Structural, biochemical, and functional abnormalities of mitochondria are widely believed to be important pathogenetic factors that underlie ischemic or hypoxic cell injury (1). Two defects recently have gained credence and captured attention. One is characterized by pore formation in the inner mitochondrial membrane, deenergization, and high-amplitude swelling (mitochondrial permeability transition or MPT) (14). The second involves leakage of cytochrome c from the intermembrane space into the cytosol (5). Cytochrome c leakage may follow the MPT or occur independently. There is general agreement that these dramatic alterations result in cell death by necrosis and apoptosis in diverse types of cell injury, including those caused by hypoxia and ischemia (1, 35). However, the proximate events that lead to the MPT and loss of cytochrome c are unclear and are subjects of ongoing investigation.

We have reported that cells in freshly isolated kidney proximal tubules exhibit profound functional deficits of their mitochondria when they are reoxygenated after hypoxic incubation (6). The defect is characterized by failure of oxidative phosphorylation in cells that are otherwise intact as indicated by structural, biochemical, and functional criteria and is partially ameliorated by prior treatment with chemical inhibitors of the MPT (6), but not by antioxidants or redox state modification (J.M.W., unpublished data). We have now more completely defined this mitochondrial lesion that develops during hypoxia/reoxygenation (H/R) and show that it involves an abnormality of the respiratory chain and energization that precedes the MPT and can be prevented or reversed by anaerobic metabolism of specific citric acid cycle metabolites.


Isolation of Tubules.

Rabbit kidney proximal tubules were isolated as described (68).

Experimental Procedure.

Incubation conditions generally followed our published protocols (68).

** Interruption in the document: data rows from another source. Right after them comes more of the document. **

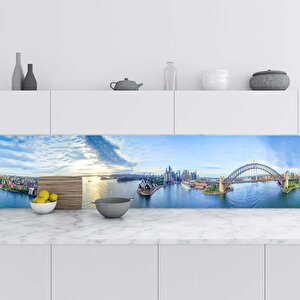 Mutfak Tezgah Arası Folyo Fayans Kaplama Folyosu Sidney Liman 60x200 cm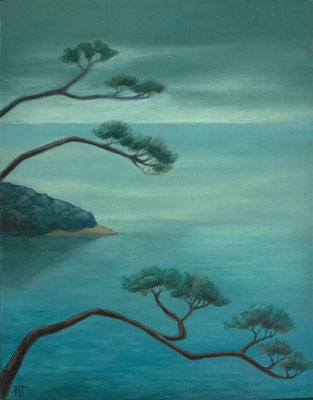 "Vue sur mer", huile sur bois, 15x19 cm, 2025, SOLD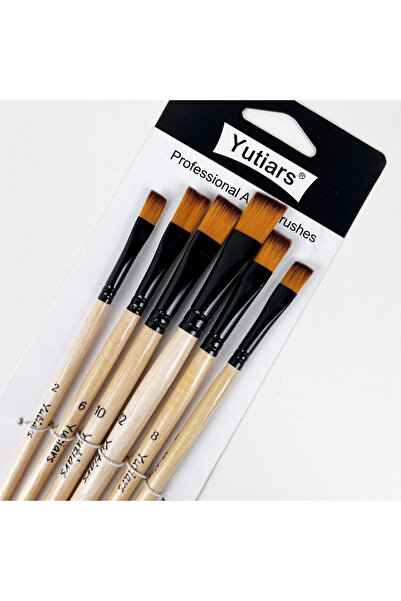 Choice6 6pcs wood flat 24/6pcs Artist Paint Brushes Set Nylon Tips Artist Pai...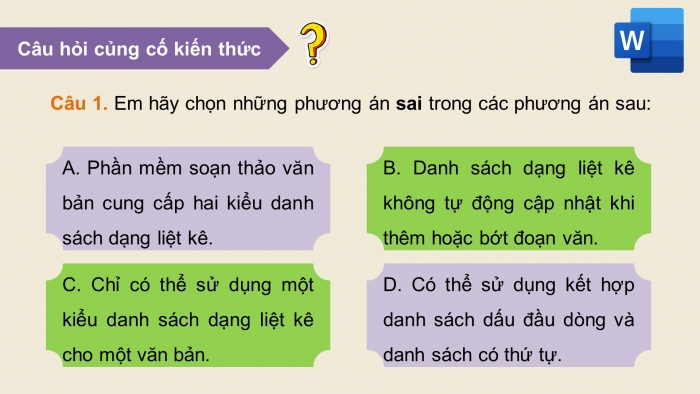 Giáo án điện tử Tin học 8 kết nối Bài 8a: Làm việc với danh sách dạng liệt kê và hình ảnh trong văn bản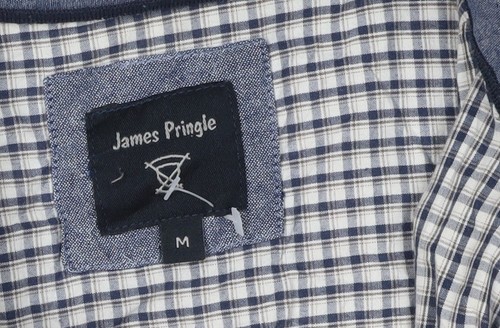 James Pringle Men's Blue Check Long Sleeve Shirt M - Picture 3 of 12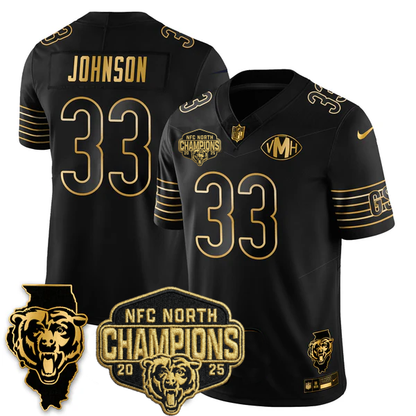CHI NFC North Division Champions Vapor Limited Gold Jersey n2 - All Stitched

Tubules were suspended at 3.0–5.0 mg of protein/ml in a 95% O2/5% CO2-gassed medium containing 110 mM NaCl, 2.6 mM KCl, 25 mM NaHCO3, 2.4 mM KH2PO4, 1.25 mM CaCl2, 1.2 mM MgCl2, 1.2 mM MgSO4, 5 mM glucose, 4 mM sodium lactate, 0.3 mM alanine, 5.0 mM sodium butyrate, 3% dialyzed dextran (T-40; Amersham Pharmacia), 0.5 mg/ml bovine gelatin (75 bloom), and 2 mM glycine. After 15 min of preincubation at 37°C, tubules were resuspended in fresh medium with experimental agents and regassed with either 95% O2/5% CO2 (controls) or 95% N2/5% CO2 (hypoxia). Hypoxic tubules were kept at pH 6.9 to simulate tissue acidosis during ischemia in vivo (6). After 60 min, samples were removed for analysis. The remaining tubules were pelleted and resuspended in fresh 95% O2/5% CO2-gassed, pH 7.4 medium with experimental agents as needed. Sodium butyrate was replaced with 2.0 mM sodium heptanoate, and, to ensure availability of purine precursors for ATP resynthesis, 250 μM AMP was added (6). After 60 min of reoxygenation, samples were removed again for analysis. Cell ATP and lactate dehydrogenase release was measured and ultrastructural studies were done as described previously (8).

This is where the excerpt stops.